(Material for this task):
══════════
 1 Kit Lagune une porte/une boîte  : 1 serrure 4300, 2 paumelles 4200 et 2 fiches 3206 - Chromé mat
══════════
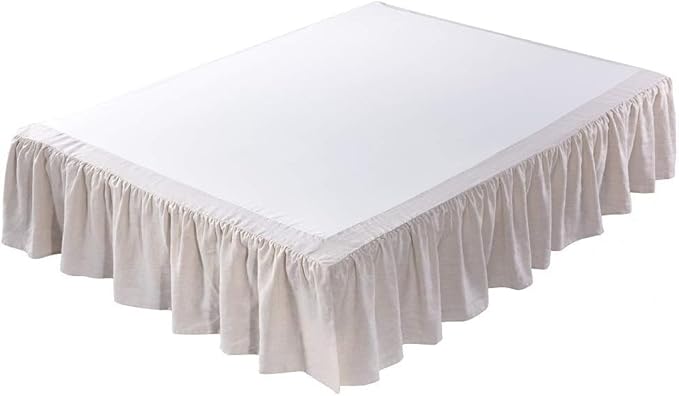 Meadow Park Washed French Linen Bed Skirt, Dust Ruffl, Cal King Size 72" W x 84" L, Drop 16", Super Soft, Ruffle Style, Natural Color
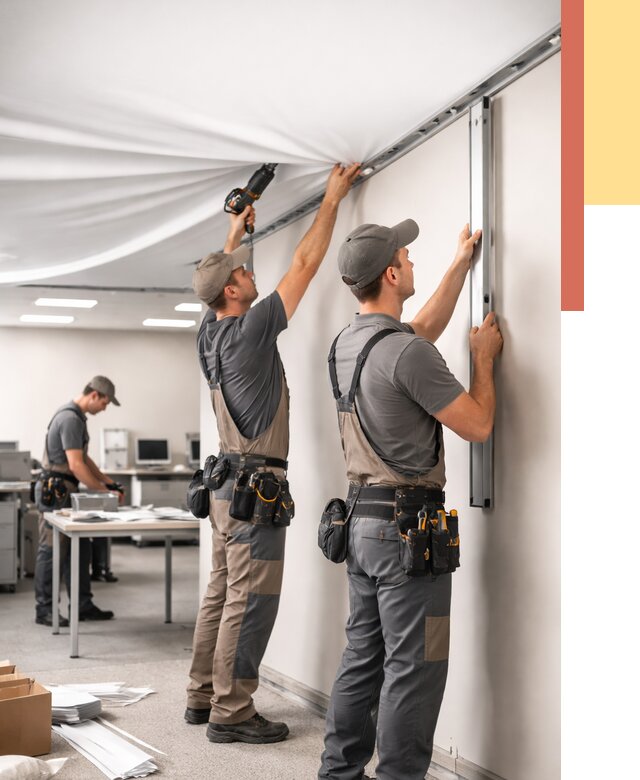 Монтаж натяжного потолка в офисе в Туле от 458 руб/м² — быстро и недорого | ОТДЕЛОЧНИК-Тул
══════════
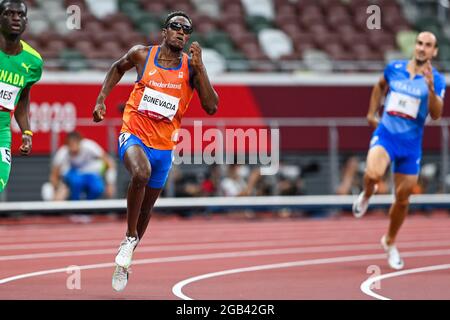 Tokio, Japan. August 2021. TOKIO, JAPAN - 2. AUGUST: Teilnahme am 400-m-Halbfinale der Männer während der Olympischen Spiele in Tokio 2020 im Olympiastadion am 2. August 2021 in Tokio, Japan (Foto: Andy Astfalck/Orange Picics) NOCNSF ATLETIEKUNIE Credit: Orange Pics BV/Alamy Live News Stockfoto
══════════
(Exercise brief):
What you return must match, character for character, the lines above from the one with "Meadow Park Washed" through the one with "Монтаж натяжного потолка", minus any pictures.

(Answer to the problem):
 Meadow Park Washed French Linen Bed Skirt, Dust Ruffl, Cal King Size 72" W x 84" L, Drop 16", Super Soft, Ruffle Style, Natural Color
 Монтаж натяжного потолка в офисе в Туле от 458 руб/м² — быстро и недорого | ОТДЕЛОЧНИК-Тул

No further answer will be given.